### What to do
I would like the lines below, from the one with "S46 CSM Dakka" through the one with "Naturhotel Schuetterbad Prázdninový dům", copied exactly and without any pictures.

### The data

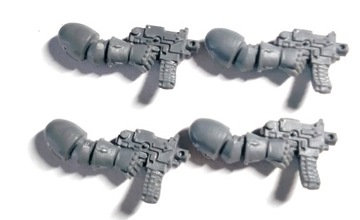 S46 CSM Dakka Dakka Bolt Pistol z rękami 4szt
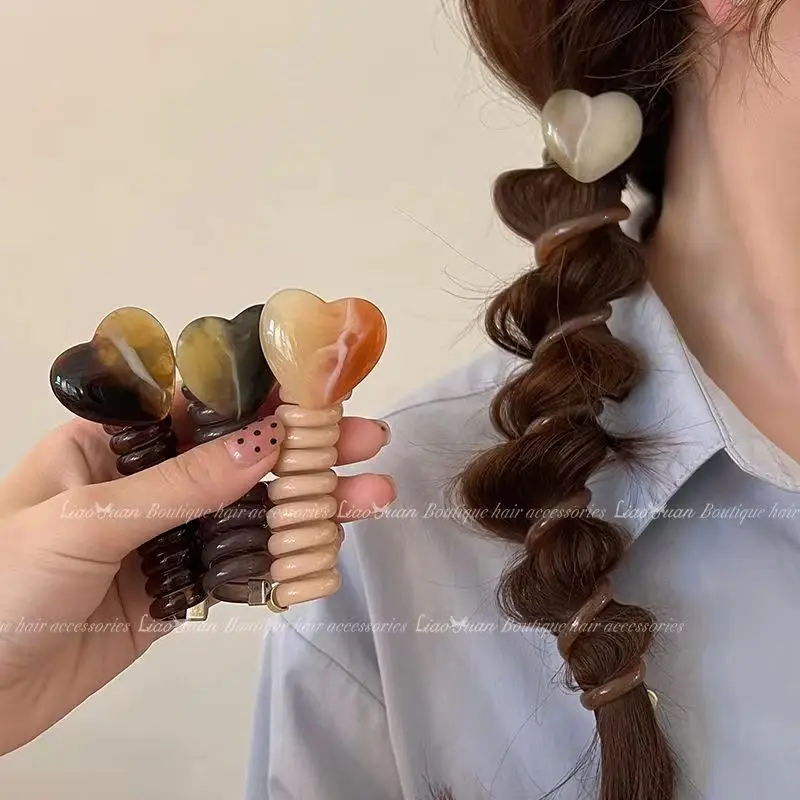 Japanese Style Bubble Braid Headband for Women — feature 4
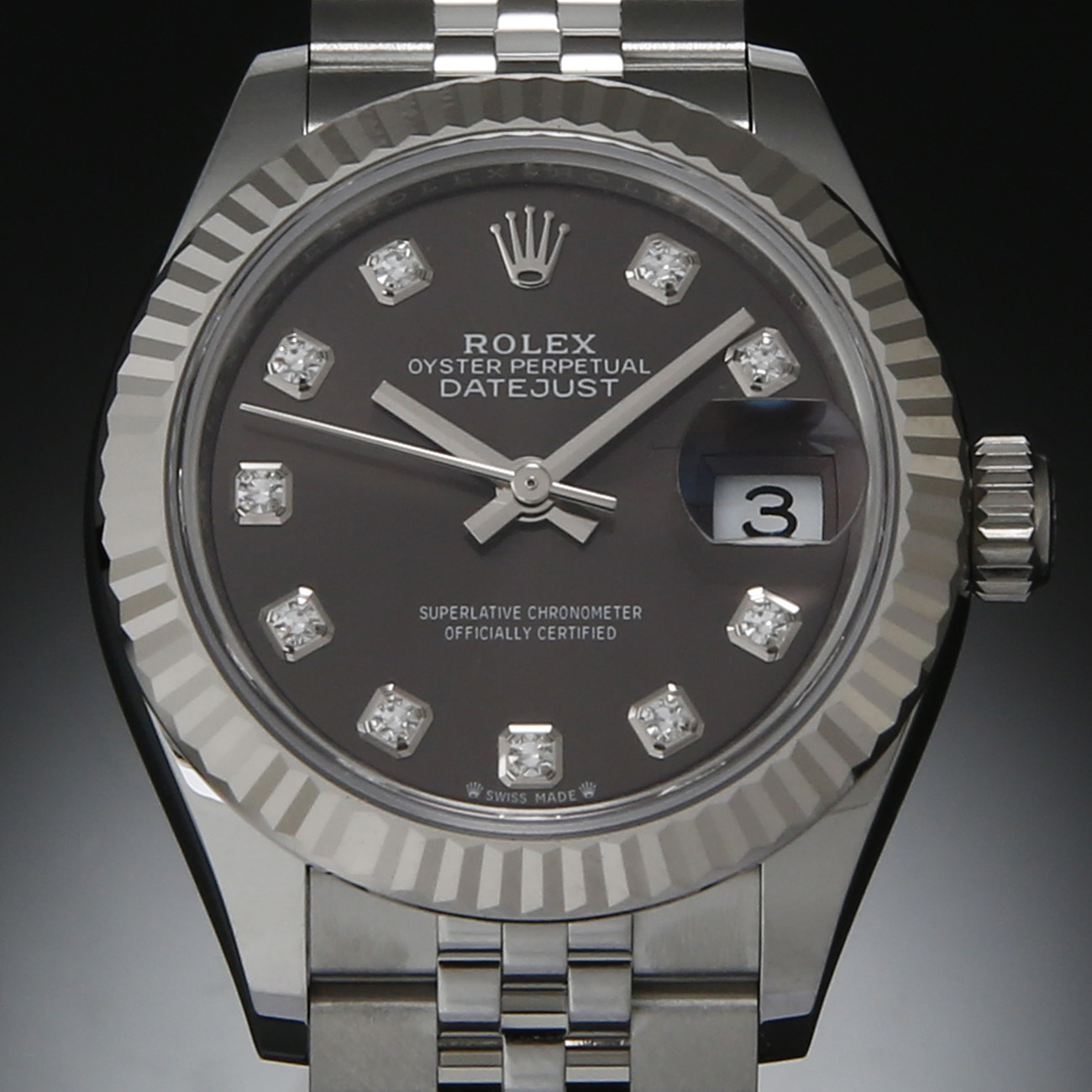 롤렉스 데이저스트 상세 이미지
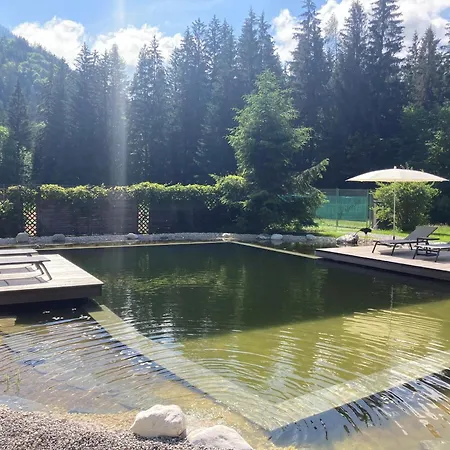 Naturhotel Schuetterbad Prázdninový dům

==

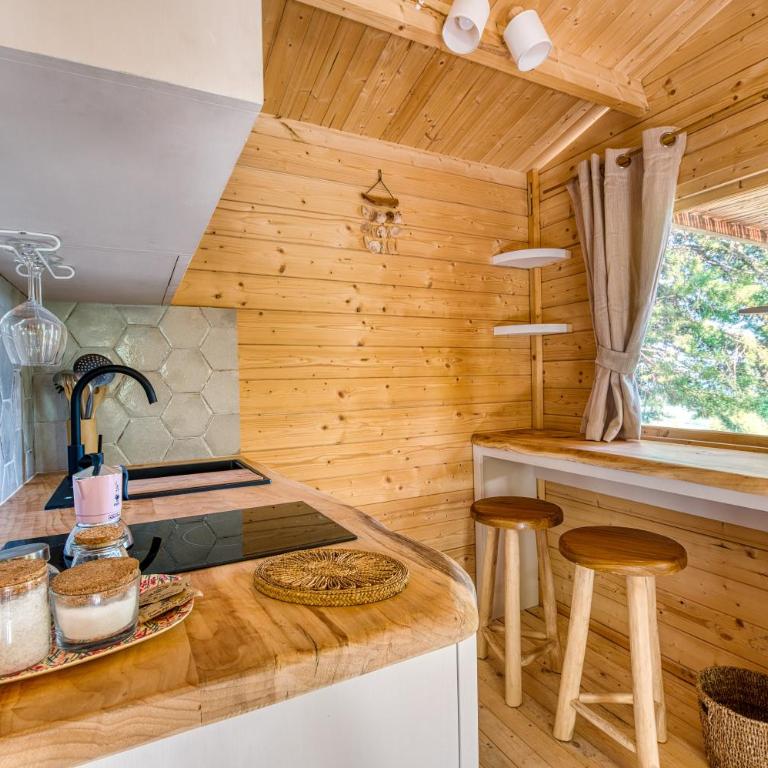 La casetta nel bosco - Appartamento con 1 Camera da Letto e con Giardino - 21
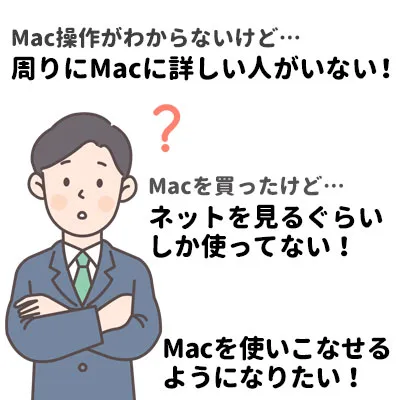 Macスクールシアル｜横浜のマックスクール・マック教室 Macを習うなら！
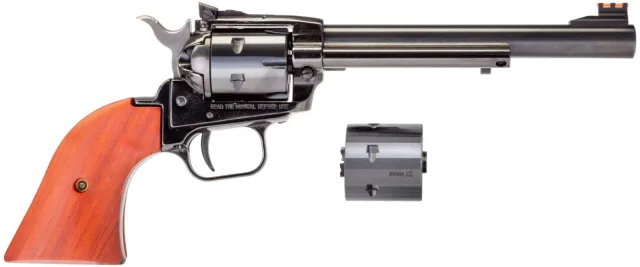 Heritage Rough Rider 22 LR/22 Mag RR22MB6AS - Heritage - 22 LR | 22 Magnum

### Answer to this exercise
 S46 CSM Dakka Dakka Bolt Pistol z rękami 4szt
 Japanese Style Bubble Braid Headband for Women — feature 4
 롤렉스 데이저스트 상세 이미지
 Naturhotel Schuetterbad Prázdninový dům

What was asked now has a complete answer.